On the contrary, they had suddenly shone out on the pathway along which
I had been blindly groping. But for the accident of being in the dirty
little store at so psychological a moment, hearing that strangely
familiar voice and catching sight of that mysterious doubloon as well as
those mysterious eyes, I should have set sail that very night, and given
up John P. Tobias's second treasure in final disgust. As it was, I was
now warmly on the track of some treasure--whether his or not--with two
bright eyes further to point the way. Never surely did a man's love and
his purpose make so practical a conjunction.
When I reached my lodging at last in the early morning following that
night of wonders, my eyes and heart were not so dazed with that vision
in the cave that I did not vividly recall one important detail of the
strange picture--those streams of gold that had suddenly poured out of
the mouth and hands of the lovely apparition.
Need I say that over and over again the picture kept coming before
me?--haunting me like that princess from my childhood's fairy-book, from
whose mouth, as she spoke, poured all manner of precious stones. We all
remember that--and had I not seen the very thing itself with my own
grown-up eyes? No wonder it all seemed like a dream, when, late next
forenoon, I woke from a deep sleep that had been long in overtaking me.
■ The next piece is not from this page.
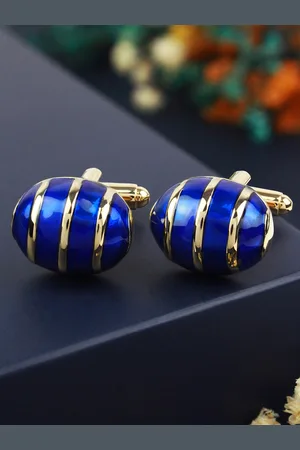 PELUCHE Men Blue & Gold-Toned Striped Cufflink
Yet, there immediately in my mind's eye, without any shadow of doubt,
was the beautiful picture once more, vivid and exact in every detail.
Without doubting the evidence of my senses, I was forced to believe
that, by the oddest piece of luck, I had stumbled upon the hiding-place
of that hoard of doubloons, on which my fair unknown drew from time to
time as she would out of a bank.
But who was she?--and where was her home? There had seemed no sign of
habitation near the wild place where I had come upon her, though, of
course, a solitary house might easily have escaped my notice hidden
among all that foliage, particularly at nightfall.
To be sure, I had but to enquire of the storekeeper to learn all I
wanted; but I was averse from betraying my interest to him or to any one
in the settlement--for, after all, it was my own affair, and hers. So I
determined to pursue my policy of watching and waiting, letting a day or
two elapse before I again went out wandering with my gun.
Probably she would be making another trip to the settlement, before
long. Doubtless, it was for that purpose that she was visiting her very
original safety-deposit vault when I had come so embarrassingly upon
her.
However, inaction, in the circumstances, was difficult, and when two
days had gone without bringing any sign of her, I determined to follow
the trail of my last expedition, and find out whether that strip of
rocky coast, with its hidden cavern, actually did stand firm somewhere
on the solid earth, or was merely a phantom coast fronting
"The foam of perilous seas in faery-land forlorn."
As a matter of fact, I did find it, after having lost my way in the
thick brush several times before doing so. I reckoned, when at last I
emerged upon it, that it was a distance of some six or seven miles from
the settlement, though, owing to my ignorance of the way, it had taken
me a whole morning to cover it. Did _she_ have to thread these thorny
thickets every time she came to the little town? No; doubtless she was
acquainted with some easier and shorter path.
However, here was the cliff-bastioned sea-front, and down there was the
boulder on which she had stood like a statue in the moonlight. I craned
my neck over the edge of the cliffs to catch sight of the entrance to
her cave--but in vain. Nor was there apparent any way of reaching it
from above. Evidently it was only approachable from the sea.